Reading the Book of Nature: How Eight Best Sellers Reconnected Christianity and the Sciences on the Eve of the Victorian Age (Hardcover)
Not currently on our shelves, but available to order (usually within a few days)
A powerful reimagining of the world in which a young Charles Darwin developed his theory of evolution.
When Charles Darwin returned to Britain from the Beagle voyage in 1836, the most talked-about scientific books of the day were the Bridgewater Treatises. This series of eight works was funded by a bequest of the last Earl of Bridgewater and written by leading men of science appointed by the president of the Royal Society to explore "the Power, Wisdom, and Goodness of God, as manifested in the Creation." Securing public attention beyond all expectations, the series offered Darwin’s generation a range of approaches to one of the great questions of the age: how to incorporate the newly emerging disciplinary sciences into Britain’s overwhelmingly Christian culture.

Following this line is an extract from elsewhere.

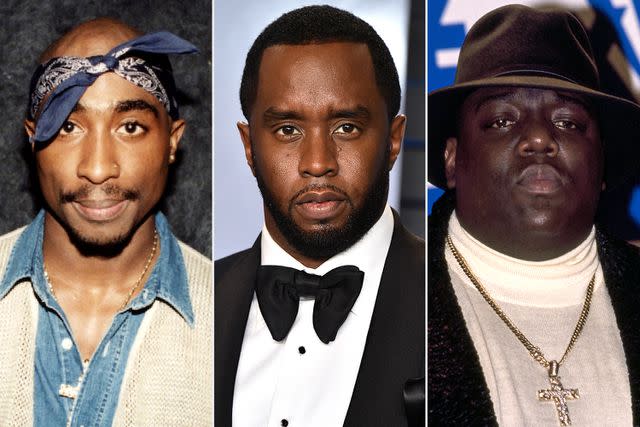 <p>Raymond Boyd/Getty; John Shearer/Getty; Larry Busacca/Getty</p> Tupac Shakur, Sean "Diddy" Combs, The Notorious B.I.G.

Drawing on a wealth of archival and published sources, including many unexplored by historians, Jonathan R. Topham examines how and to what extent the series contributed to a sense of congruence between Christianity and the sciences in the generation before the fabled Victorian conflict between science and religion. Building on the distinctive insights of book history and paying close attention to the production, circulation, and use of the books, Topham offers new perspectives on early Victorian science and the subject of science and religion as a whole.
About the Author
Jonathan R. Topham is professor of history of science at the University of Leeds, UK.
“Topham’s massive but unfailingly readable account of the series combines almost surreal erudition with a gift for clarity and a keen eye for homely detail.”
— First Things
"This is a remarkable book, based on a lifetime's immersion in early nineteenth-century science, theology, and publishing culture. It offers a new way of thinking about the relations between religion and science, grounding this in material practices of reading, church-going, and daily devotion. There are wonderful discussions here of individual readers and the ways in which the Bridgewaters were used for everything from mourning recently deceased relatives to classifying museum collections. Its knowledge of the primary sources is unparalleled, and it is thorough, fair, and judicious in referencing the extensive literature on the topic. A vitally important book on a major subject."
— James A. Secord, author of Visions of Science: Books and Readers at the Dawn of the Victorian Age
"This is not only a definitive study of this important series of books, but it also offers perceptive insights into questions about the historical relations between science and religion. It sheds considerable light on publishing and reading practices and, more generally, on the social and intellectual culture of mid-nineteenth-century Britain. The research is thorough and painstaking, the writing is lively and interesting, and the arguments persuasive. Topham provides an account of the Bridgewater Treatises that is unparalleled in scope and erudition."
— Peter Harrison, University of Queensland
"In his long-anticipated study of the Bridgewater Treatises, Topham has given us a deeply captivating, beautifully written, meticulously researched, and vitally important book that positively sparkles with new insights. While discussing how the Bridgewater Treatises persuaded British audiences that science was religiously safe, he simultaneously explores the reconfiguring of religious practices inextricably linked to the transformation in scientific and religious publishing in the 1820s and ‘30s. Topham’s book is essential reading for scholars who wish to understand science, religion, and print culture in the decades prior to the Victorian era."